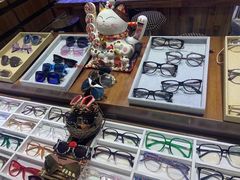 -三叶眼镜城批发市场(上海火车站店)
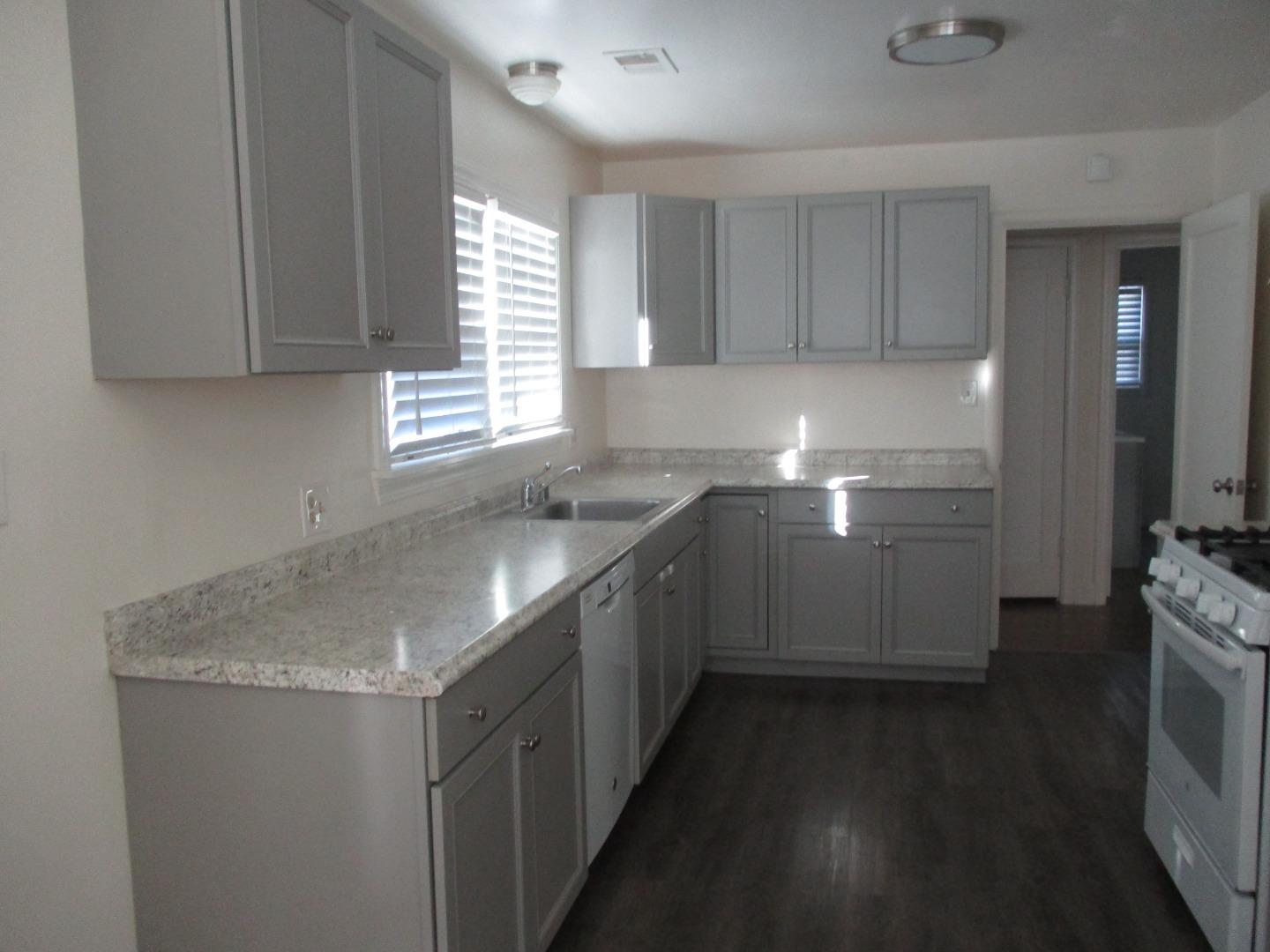 Detail Gallery Image 4 of 22 For 7931 Carmel St, Gilroy,  CA 95020 - 2 Beds | 1 Baths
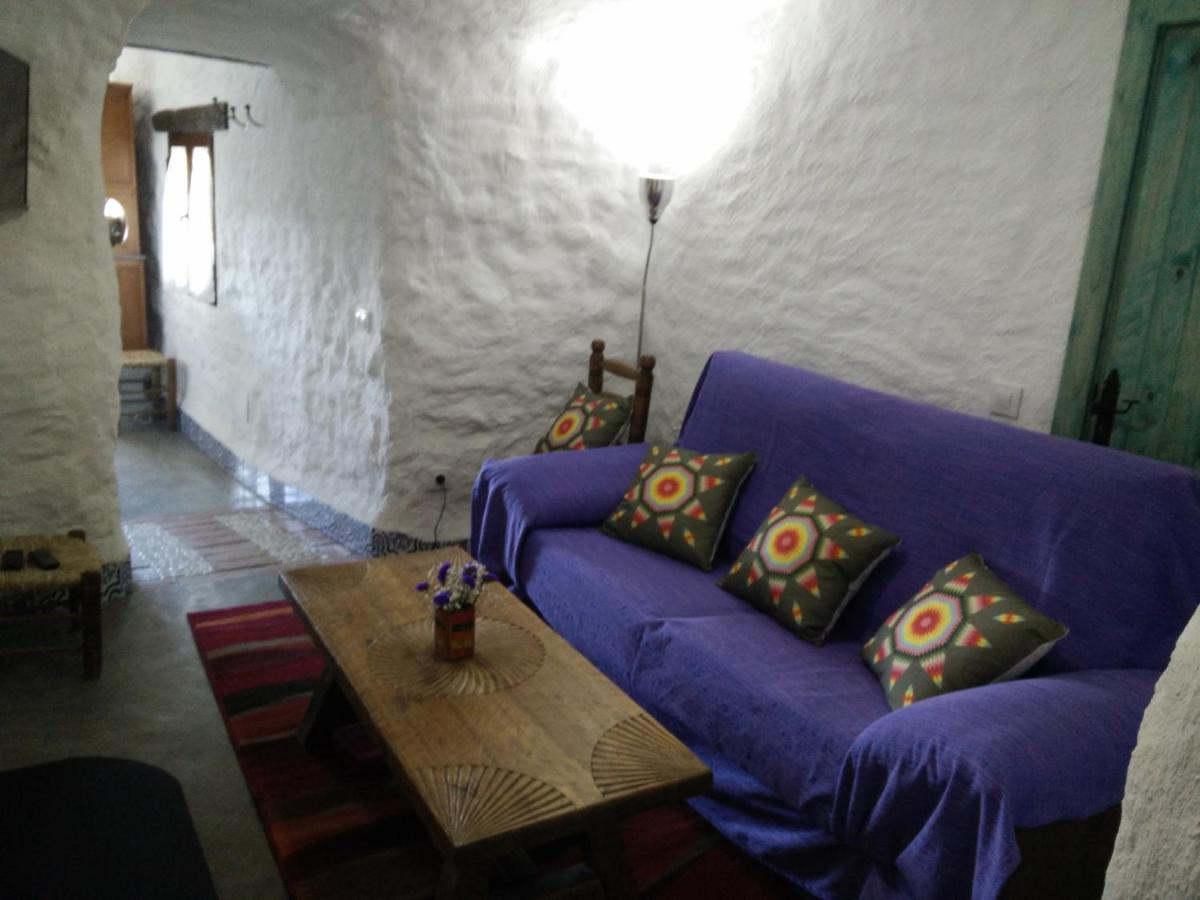 One-Bedroom House photo 2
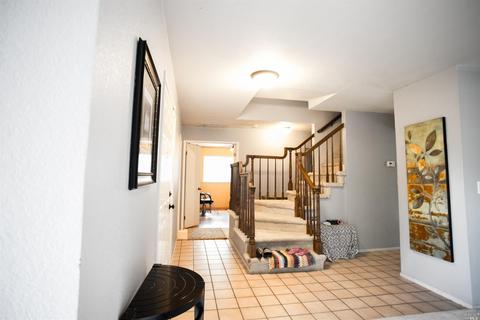 1660 Moraga Dr, Fairfield, CA 94534 photo 5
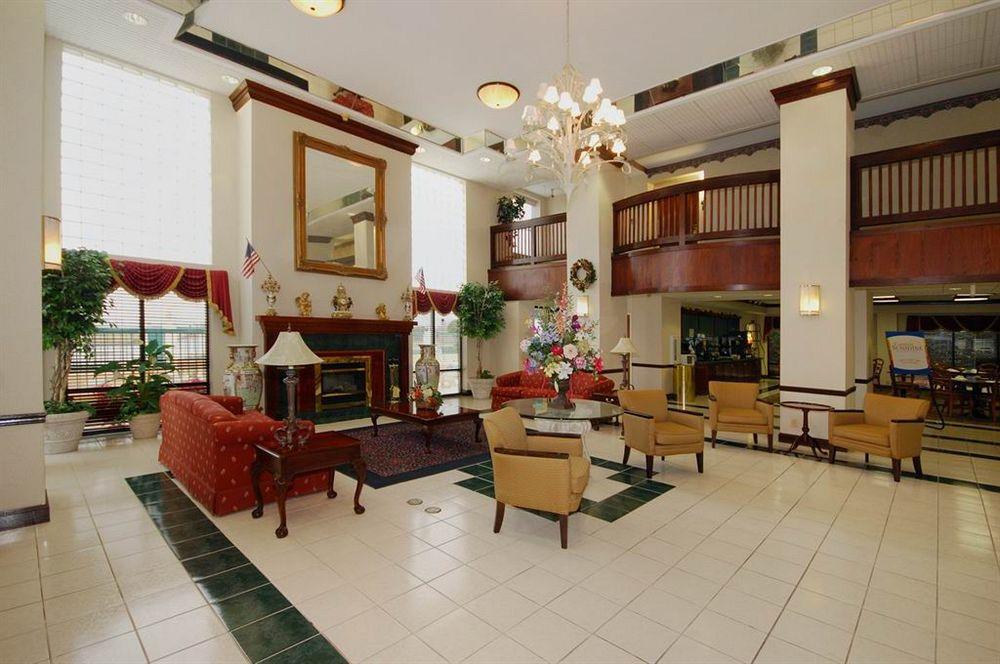 Red Roof Inn & Suites Ньюнан Екстер'єр фото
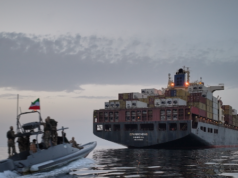 L’Iran dichiara di nuovo di fermare le spedizioni, gli Stati Uniti dicono che lo Stretto è “aperto al transito”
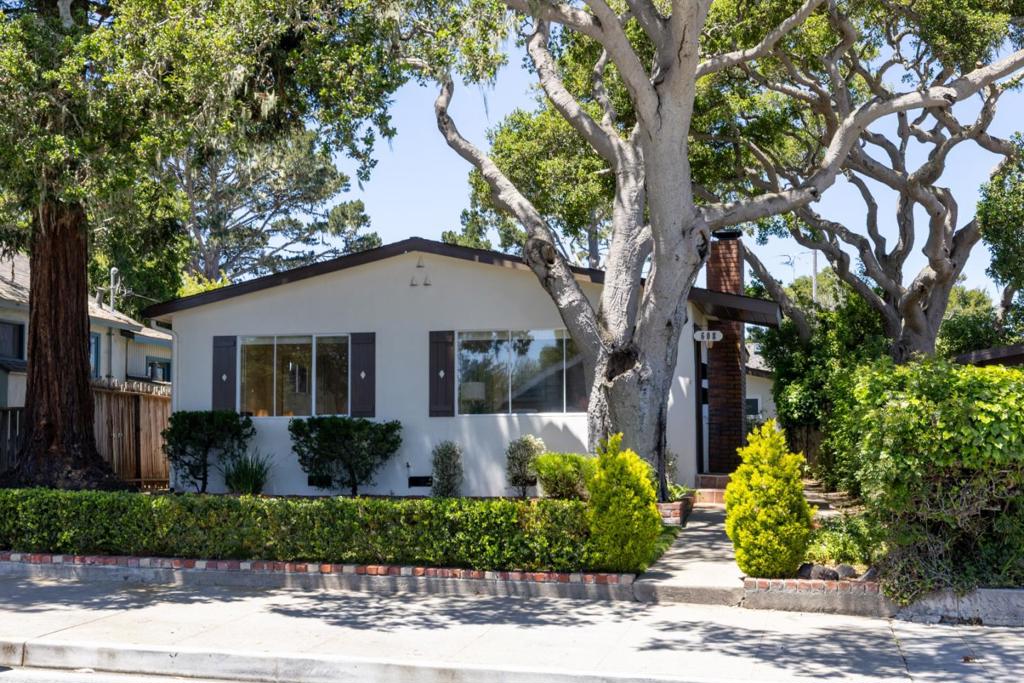 608 Congress Avenue Property Photo 1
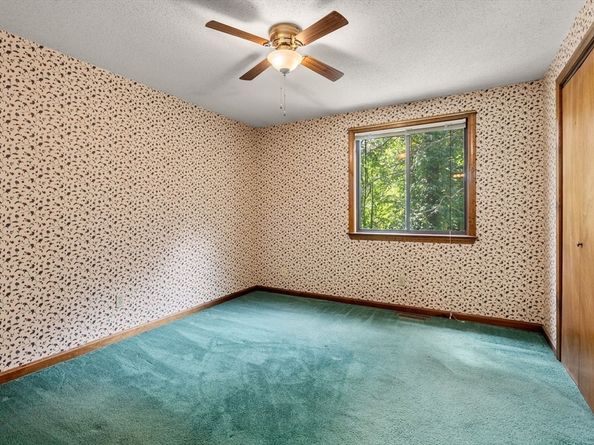 6 Jerry Rd, Sturbridge MA 01566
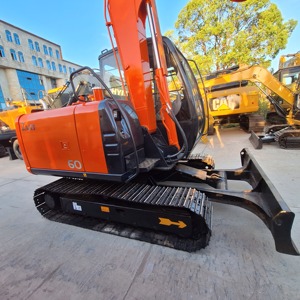 Maquinaria de Construcción Japonesa Usada, Excavadora de Segunda Mano HITACHI ZX60, Equipo de Construcción en Venta - Product Image 6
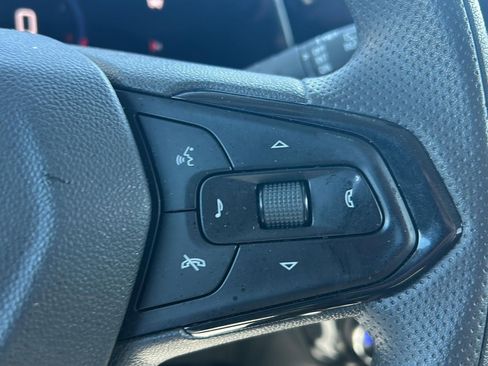 Used 2025 Chevrolet TrailBlazer LT image 27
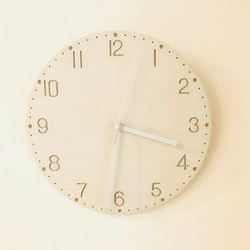 ホワイトセメントの掛け時計【受注生産】 1枚目の画像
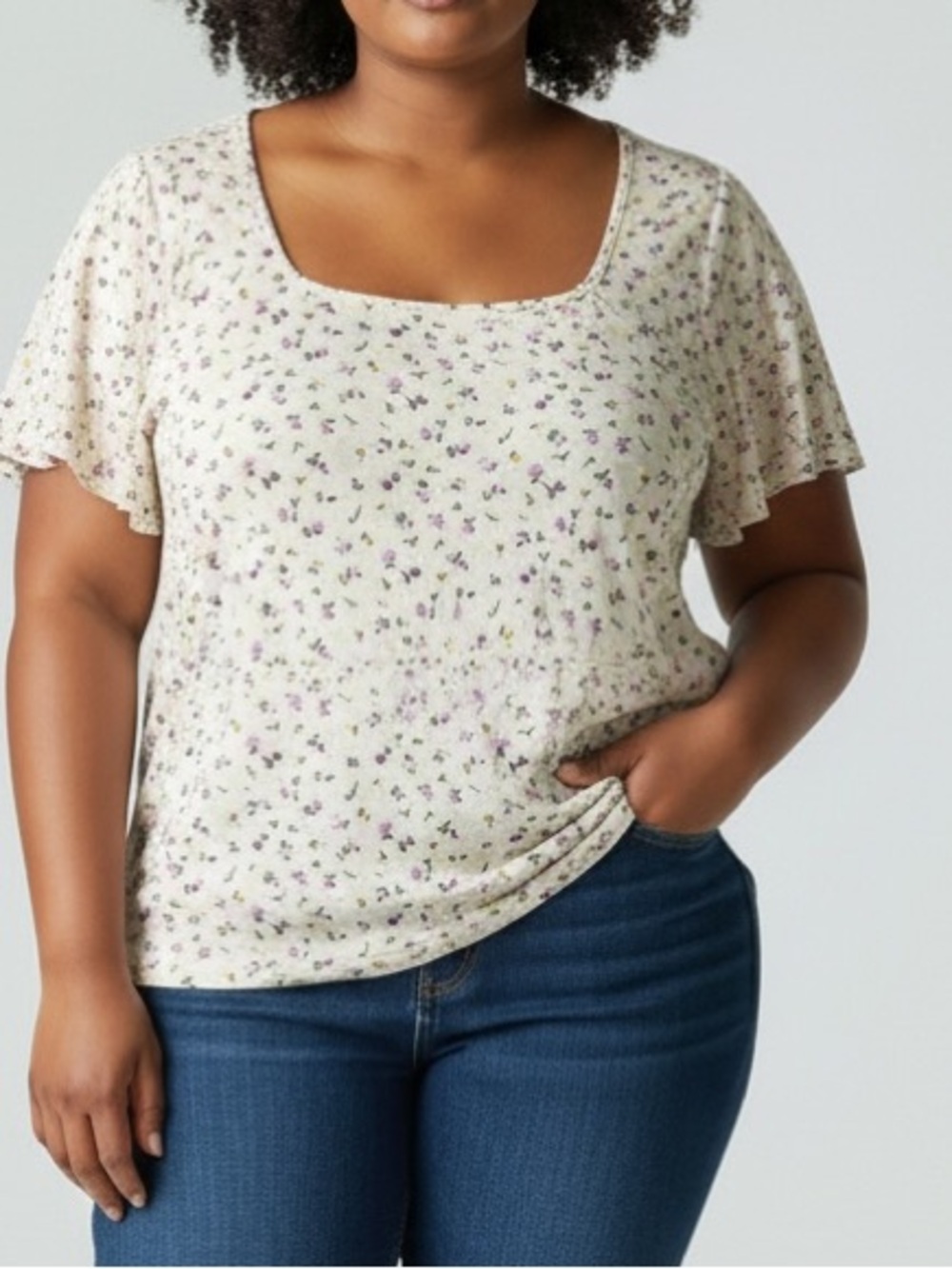 BloomChic Size 18-20 Cream Floral Short-Sleeve Scoop Neck Tee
##############################
(Exercise directions) Your task is to quote exactly the lines from the one with "Red Roof Inn & Suites Ньюнан Екстер'єр фото" through the end of the material, both included, without reproducing any pictures.

(Result below)
 Red Roof Inn & Suites Ньюнан Екстер'єр фото
 L’Iran dichiara di nuovo di fermare le spedizioni, gli Stati Uniti dicono che lo Stretto è “aperto al transito”
 608 Congress Avenue Property Photo 1
 6 Jerry Rd, Sturbridge MA 01566
 Maquinaria de Construcción Japonesa Usada, Excavadora de Segunda Mano HITACHI ZX60, Equipo de Construcción en Venta - Product Image 6
 Used 2025 Chevrolet TrailBlazer LT image 27
 ホワイトセメントの掛け時計【受注生産】 1枚目の画像
 BloomChic Size 18-20 Cream Floral Short-Sleeve Scoop Neck Tee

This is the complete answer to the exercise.